Hi I can help. Chet was my uncle and and my dad’s bother. I spent a lot of time with Uncle Chet over many years he was one of my favorite uncles and is buried near my dad and other Jechura’s including their parents Mary and Felix . I also knew Ralph well too, we were in contact until his accident. Lots of Jechura story’s and history.
I miss Stan, died at 54 and his mom died one month later, I think of them a lot!
We probably sat at the same table at one of the many family polish weddings or party’s years ago. I am the son of Tony and Diane Jechura. My dad Tony was Karl’s bother. Trying to remember but I think the last time I saw Uncle Karl was in the early 80’s, he would call me Stefan all the time ( my dad’s real name). Anyhow thought I would say Hi. I was searching for old car racing programs where the Jechura’s started and my dad was an official and ran across this site.
Steve, I hope you remember me. Your mom was special and I do remember you very well. Contact me anytime.
To the family members of the Jechura Family. I just saw this article, and would have commented sooner.
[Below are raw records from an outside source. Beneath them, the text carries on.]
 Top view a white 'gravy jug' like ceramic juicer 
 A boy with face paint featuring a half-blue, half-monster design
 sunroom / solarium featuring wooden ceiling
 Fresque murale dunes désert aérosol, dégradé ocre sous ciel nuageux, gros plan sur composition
My mother was a Jechura and first cousin to Shake and his brothers and sisters. My grandfather was Lawrence Jechura, uncle to Shake and his brothers and sisters. I spent more hours then can be imagined with Shake and the family at Raceway Park, both the stock cars and the horses. I knew all the brothers very well, except for Tony and Karl. I have a great photograph of that family. My stories and the genealogy of the Jechura Family is special to me. Shake and I shared the same birth date, 13 December. I think that had a lot to do with our relationship and I often felt I was like the son he did not have. We did so many things together and none of them will I ever forget.
Hi Tom: I am Kathy Jechura, Carl, Jr’s wife. I have not responded to the letter you sent Carl bc it is just too hard for me. Carl passed away on January 25, 2017. I miss him every day. I am still living in the same house and get great support from my two sons. I have your email address and will correspond with you from there. Carl was always interested in the history of his extended family.
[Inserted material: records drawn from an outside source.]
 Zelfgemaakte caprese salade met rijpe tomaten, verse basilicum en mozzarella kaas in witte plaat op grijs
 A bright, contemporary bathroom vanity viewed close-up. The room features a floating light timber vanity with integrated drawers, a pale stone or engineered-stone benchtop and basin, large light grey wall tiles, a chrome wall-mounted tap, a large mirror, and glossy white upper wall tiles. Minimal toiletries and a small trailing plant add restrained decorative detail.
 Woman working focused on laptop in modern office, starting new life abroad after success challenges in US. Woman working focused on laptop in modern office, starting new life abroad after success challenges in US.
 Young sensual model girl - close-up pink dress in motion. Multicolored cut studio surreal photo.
When I lived in Bowling Green (25 years ago), I spent many an evening going to Raceway Park, enjoying the races and betting small amounts. A lot of good memories!
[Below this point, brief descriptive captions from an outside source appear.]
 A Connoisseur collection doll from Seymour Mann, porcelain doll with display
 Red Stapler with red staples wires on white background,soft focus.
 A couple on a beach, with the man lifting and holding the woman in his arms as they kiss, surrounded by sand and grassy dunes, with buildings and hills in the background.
I’m pretty sure I cleaned the home of the last owner of Raceway Park. A woman ? According to my little brother her husband bought it for her as a “toy” because she was bored. I assume she ran it into the ground ? She was a rude woman but their home was magnificent. She still owes my brother $5000 for his advertising services. Another friend and I cleaned the house together and the night before we were to clean again we both had the same dream that a man in a trench coat and fedora hat was in the house and trying to kill us. It was so vivid I woke up screaming, scared my husband half to death. The house creeped us both out but we had never voiced our feelings to each other. Needless to say we quit.